Jorhat, July 19: Army troops deployed in Arunachal Pradesh along the 1,080km Sino-Indian border are having to battle a "secret enemy," a little black fly locally called dim dim (also dam dum).
However, reinforcements are at hand in the form of a herbal repellent.
"We have come up with a herbal repellent, which will not only keep the dim dim away but also other insects common in the jungles of the Northeast," the director of Defence Research Laboratory (DRL), Vijay Veer, told The Telegraph.
The repellent has been tested and will be available for the forces shortly, the director said. A soldier becomes weak and is almost paralysed for several days after being bitten by the fly (scientific name Simulium), which has blinded hundreds in Africa and the US.
The fly's bite causes "black fly fever", with symptoms like headaches, fever, nausea, adenitis, generalised dermatitis and allergic asthma.
The laboratory had begun the research for an antidote to its bite and how to keep the fly away nearly four years ago.
A team from the laboratory had visited Sepa, one of the worst affected areas in the state.
The army has heavy deployment in Arunachal Pradesh, mainly from the Tezpur-headquartered 4 Corps.
An army jawan at Tenga — en route to the border and which hosts a mountain division — said the bite of a dim dim is very painful, unlike the mosquito, and the body itches all over after a few hours. "The itching becomes unbearable," the soldier said.
He said the insect can bite even through a thick layer of clothing.
The laboratory had earlier come up with a herbal vaporiser to deal with mosquitoes. However, this is not of much help as security personnel have to enter deep jungles.
The fly breeds in the water of fast-flowing rivers in the hill areas and feeds on blood.
The laboratory director said the repellent would be available in the form of spray, cream and tissue paper, to be used according to the need.
He said the DRDO is also looking for a partner to market the product so that civilians can use it.

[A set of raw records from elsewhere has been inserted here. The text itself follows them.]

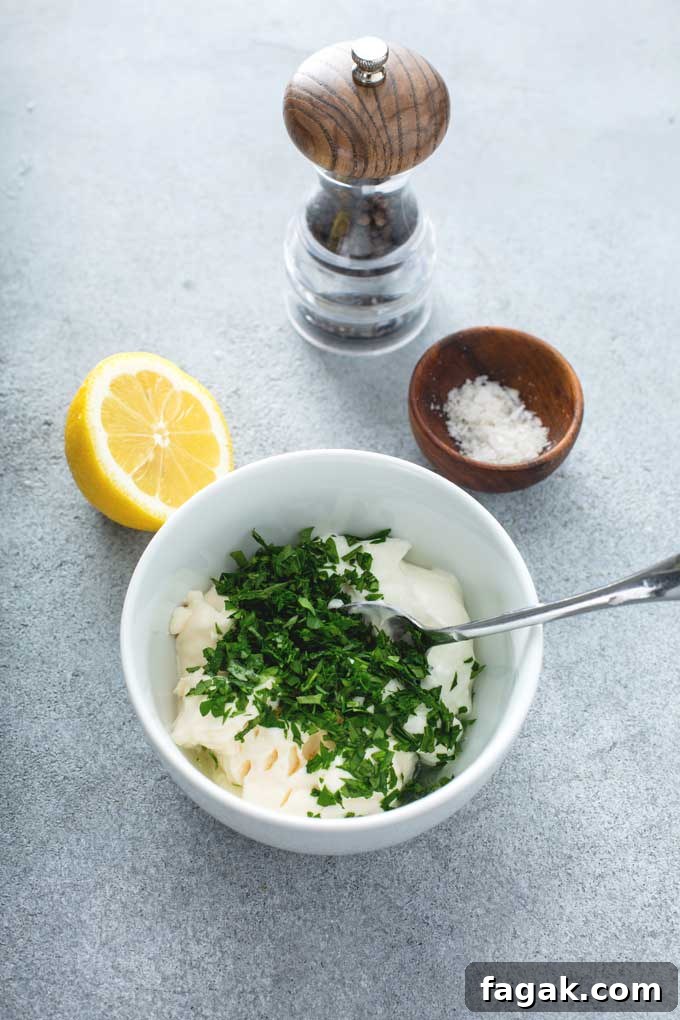 Dipping sauce ingredients getting combined in a white bowl.
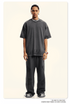 Model wearing charcoal grey oversized t-shirt and relaxed-fit pants with silver chain necklace and watch. Complete monochromatic streetwear look with chunky black shoes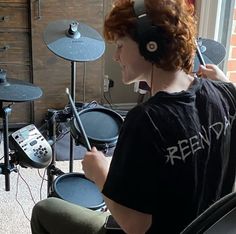 a young man sitting in front of a drum set with headphones on his ears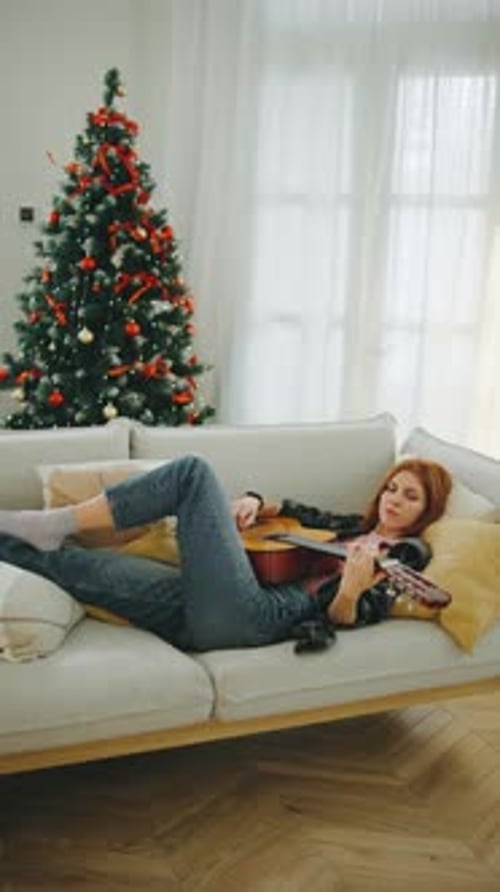 Young Woman Playing Guitar While Relaxing on a Couch Next to a Festive Christmas Tree in a Cozy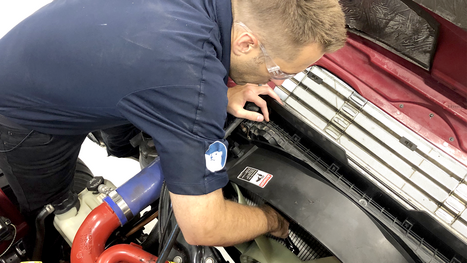 Upgrade engine cooling system Freightliner M2 mechanic working on truck 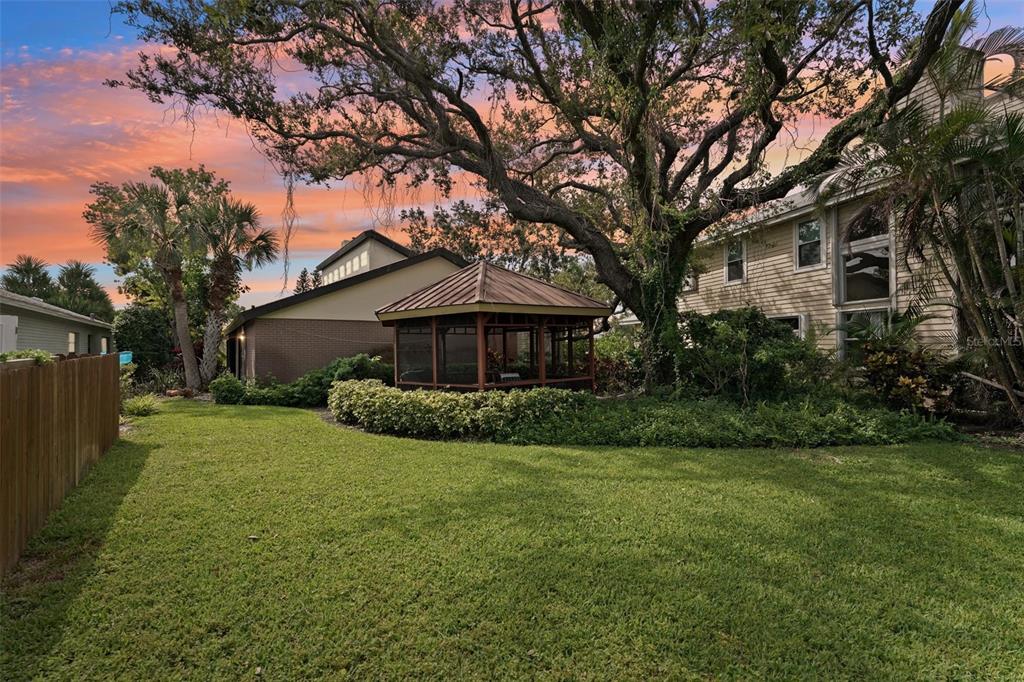 A backyard features a screened gazebo, a large tree, and a two-story house at sunset — 2312 89TH STREET NW UNIT 32, BRADENTON, FL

"It will serve a dual purpose," Veer said.
K. Nishing, director of health services (Arunachal Pradesh), told The Telegraph that though the forests of Arunachal Pradesh are infested with the fly, there are no reports of any deaths of humans yet. "It's good news that the DRL has come up with a product which will provide protection against the dam dum menace," he said.
The laboratory has also been working on a project to design "impregnated uniforms" for the troops in the rain forests.
The Northeast has never been an easy terrain for troops, be it guarding the international border or carrying out counter-insurgency-operations, with reports of many of them falling ill after being bitten by such "scary" insects.